Hers is one of 25 cases spanning as far back as 1907 to as recent as the Lecretia Seales euthanasia case, in which academics and legal professionals have re-examined judges' findings from the perspective of a feminist or Māori woman judge.
One of its co-editors, Mamari Stephens from Victoria University, said it challenged the myth of judicial neutrality and showed how a different decision could be made from the exact same information.
"Inevitably there are different ways in which to view that material. There's inevitably a different way in which to interpret that material, and inevitably there's a way to bring the woman's story, or women's perspective to the forefront in a way that's actually completely reasonable."
She said it was an exercise in imagination to see how different the law could be and she hoped it prompted more inclusive judicial decisions and legal argument.
"Most our decisions that were rewritten are 21st century decisions. I think the bulk of them come from the 90s on through to 2015, so that tells you something doesn't it?"
"Ultimately feminism is very much about equality and justice, it is not about replacing one set of biases for another," contributor and family law barrister Vivienne Crawshaw said.
With the recent revelations about sexual misconduct within the legal profession Ms Stephens called it the elephant in the room with the book perfectly timed.
"Many of the judgments speak to the kind of sexual harassment and sexual discrimination that actually these young people have been experiencing and not just young people but women at all levels of the profession. Why is it we have so few female partners still when the vast majority of graduates are female? What is the reason? What is holding the advancement of women up?"
She said they sought to bring to the front what is seen, unseen or under-seen.
Court of Appeal Judge, Justice Helen Winkelmann, officially launched the book in Auckland last night at the last of four events throughout the country.
She told the gathering it was one of the most important books published in recent times and a taonga.
She said some argued attempts to change the judicial system for women would always fail as it was designed by men and had a legacy of prejudice.
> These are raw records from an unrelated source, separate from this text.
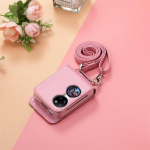 Kortelės ki&scaron;eninė piniginė Odinis telefono dėklas, skirtas Huawei P50 Pocket Full Protection Telefono dirželio dizainas Madingas dangtelis Fundas for P50 Pocket rožinė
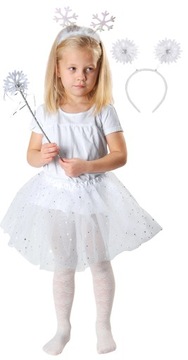 Strój śnieżynki spódniczka TUTU opaska różdżka r.90-120 cm dł 30 cm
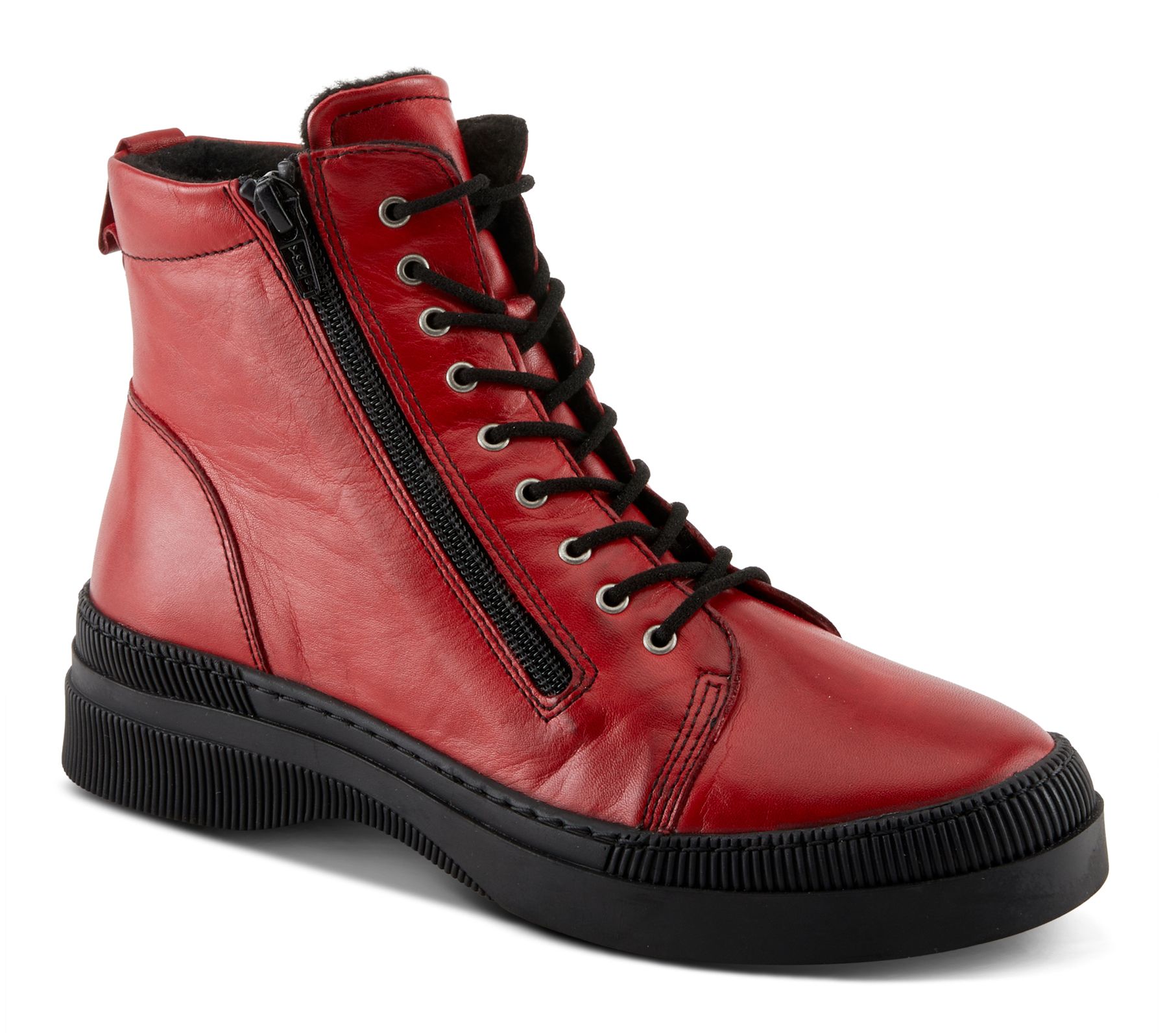 Spring Step Leather Combat-Style Boots - Hoylein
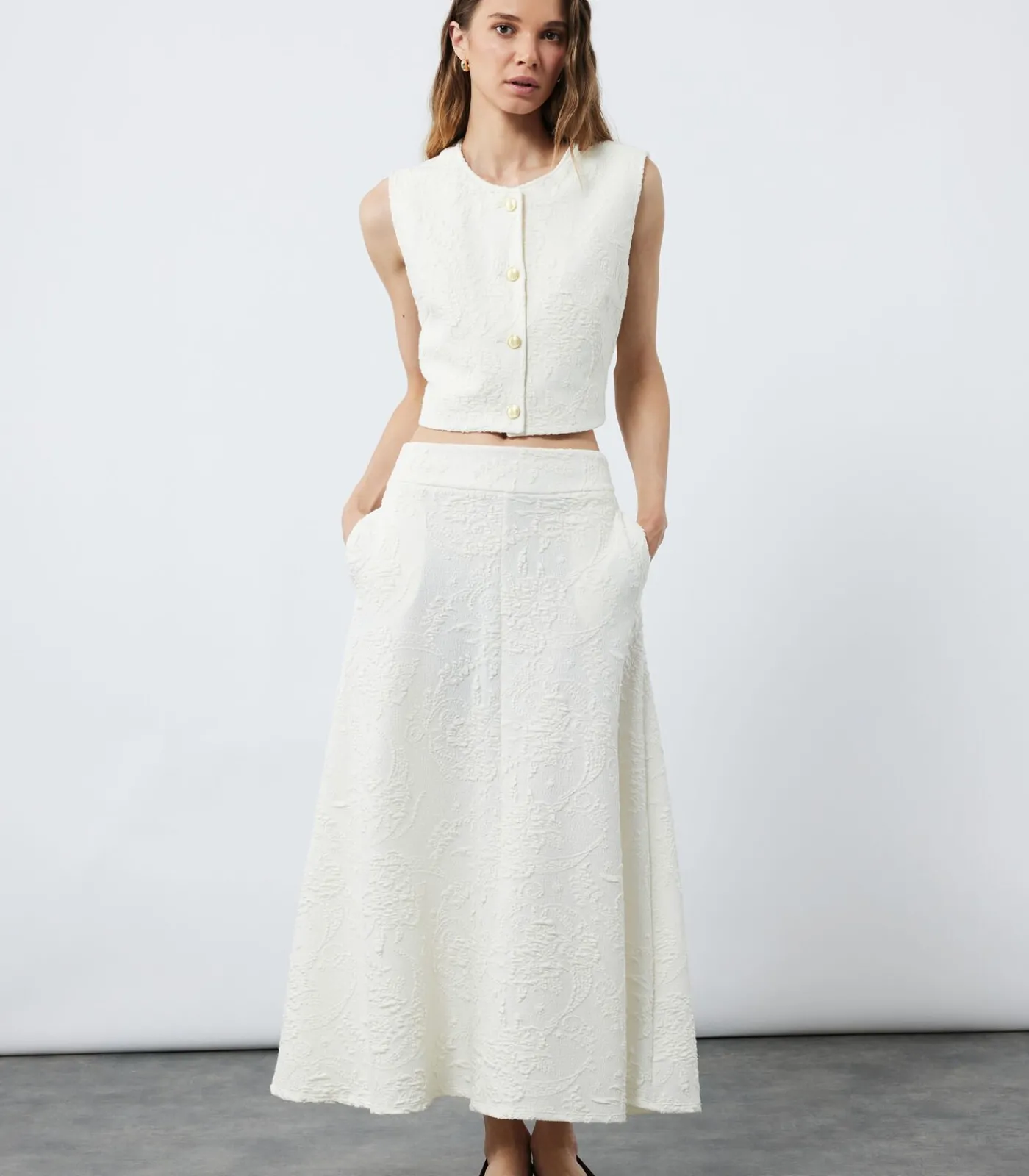 Koton Midi Flared Skirt white Outlet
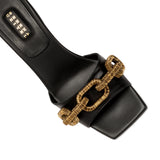 Catena 50MM Sandal - Black & Antique Gold/Silver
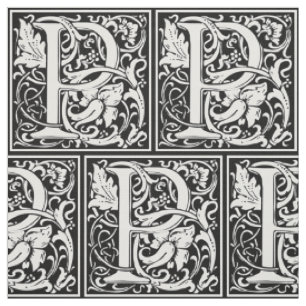 Tecido Letra P Monograma Medieval Arte Nova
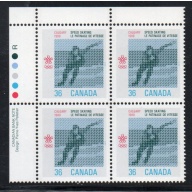 Canada Sc 1130 1987 36c Calgary Olympics stamp UL Inscription Bl of 4 mint NH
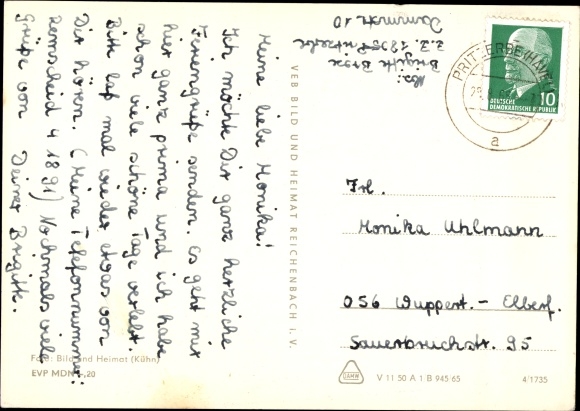 Postcard Pritzerbe on the Havel, ferry, Havel Bridge, Polytechnic High School Johann Wolfgang von Goethe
"Those theorists don't understand the power of doing justice in the individual case or the momentum for change that it can create and that is the concept that lies at the heart of this book.
Justice Winkelmann said it was a reminder that appointing more women judges wasn't enough.
"All judges must be prepared to open their minds to perspectives other than their own, to receive evidence and submissions about the experiences and lives of women and to truly listen to those stories.,
However she said judges could only rely on what was put in front of them and it was also up to lawyers to do their part.
"If the arguments aren't made, if the evidence isn't led then the law won't develop.
"I can say having been a first-instance judge for 11 years before I went to the Court of Appeal and having been an avid reader in the 1980s and 1990s of feminist texts - I was hungry, I have been hungry for the arguments. I've been hungry for the evidence, but the arguments have not been made. We haven't seen cases formulated in the way they've needed to."